The data section start

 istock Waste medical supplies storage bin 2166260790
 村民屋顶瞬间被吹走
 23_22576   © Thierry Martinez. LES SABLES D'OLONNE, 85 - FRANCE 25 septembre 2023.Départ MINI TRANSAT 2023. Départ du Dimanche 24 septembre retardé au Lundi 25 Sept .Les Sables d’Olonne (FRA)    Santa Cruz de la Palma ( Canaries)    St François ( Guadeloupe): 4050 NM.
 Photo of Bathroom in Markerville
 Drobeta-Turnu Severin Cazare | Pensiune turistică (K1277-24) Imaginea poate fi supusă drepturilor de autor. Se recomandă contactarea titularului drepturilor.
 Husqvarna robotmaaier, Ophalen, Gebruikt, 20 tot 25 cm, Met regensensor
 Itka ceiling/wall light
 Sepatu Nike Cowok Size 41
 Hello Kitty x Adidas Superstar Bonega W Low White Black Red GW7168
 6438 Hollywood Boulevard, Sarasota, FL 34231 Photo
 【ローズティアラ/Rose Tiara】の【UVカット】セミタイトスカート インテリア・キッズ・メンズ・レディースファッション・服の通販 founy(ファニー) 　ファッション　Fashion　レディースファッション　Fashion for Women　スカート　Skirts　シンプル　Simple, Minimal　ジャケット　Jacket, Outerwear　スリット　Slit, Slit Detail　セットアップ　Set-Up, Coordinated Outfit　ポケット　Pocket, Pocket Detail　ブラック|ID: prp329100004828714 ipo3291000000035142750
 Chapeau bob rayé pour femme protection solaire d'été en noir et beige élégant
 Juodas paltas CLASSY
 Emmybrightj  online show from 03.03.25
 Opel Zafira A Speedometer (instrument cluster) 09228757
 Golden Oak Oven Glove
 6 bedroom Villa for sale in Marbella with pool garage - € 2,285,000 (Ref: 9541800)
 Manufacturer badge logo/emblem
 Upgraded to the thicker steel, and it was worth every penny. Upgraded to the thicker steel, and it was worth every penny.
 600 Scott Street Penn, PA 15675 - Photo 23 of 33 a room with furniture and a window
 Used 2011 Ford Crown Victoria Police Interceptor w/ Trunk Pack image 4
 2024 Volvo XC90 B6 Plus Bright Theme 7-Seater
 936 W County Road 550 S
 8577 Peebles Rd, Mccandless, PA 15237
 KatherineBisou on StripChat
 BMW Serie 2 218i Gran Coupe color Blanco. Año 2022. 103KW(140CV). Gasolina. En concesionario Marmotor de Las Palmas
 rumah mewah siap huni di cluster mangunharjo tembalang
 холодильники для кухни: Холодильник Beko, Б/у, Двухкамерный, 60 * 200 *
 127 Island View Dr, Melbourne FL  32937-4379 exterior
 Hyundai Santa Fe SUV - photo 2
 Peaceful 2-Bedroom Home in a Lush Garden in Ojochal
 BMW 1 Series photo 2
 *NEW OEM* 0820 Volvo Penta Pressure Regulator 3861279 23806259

The data section end

What this task involves:
Starting from the top of the records and ending at the line that contains "6438 Hollywood Boulevard, Sarasota, FL", repeat each line exactly and return only those lines.

Output:
 istock Waste medical supplies storage bin 2166260790
 村民屋顶瞬间被吹走
 23_22576   © Thierry Martinez. LES SABLES D'OLONNE, 85 - FRANCE 25 septembre 2023.Départ MINI TRANSAT 2023. Départ du Dimanche 24 septembre retardé au Lundi 25 Sept .Les Sables d’Olonne (FRA)    Santa Cruz de la Palma ( Canaries)    St François ( Guadeloupe): 4050 NM.
 Photo of Bathroom in Markerville
 Drobeta-Turnu Severin Cazare | Pensiune turistică (K1277-24) Imaginea poate fi supusă drepturilor de autor. Se recomandă contactarea titularului drepturilor.
 Husqvarna robotmaaier, Ophalen, Gebruikt, 20 tot 25 cm, Met regensensor
 Itka ceiling/wall light
 Sepatu Nike Cowok Size 41
 Hello Kitty x Adidas Superstar Bonega W Low White Black Red GW7168
 6438 Hollywood Boulevard, Sarasota, FL 34231 Photo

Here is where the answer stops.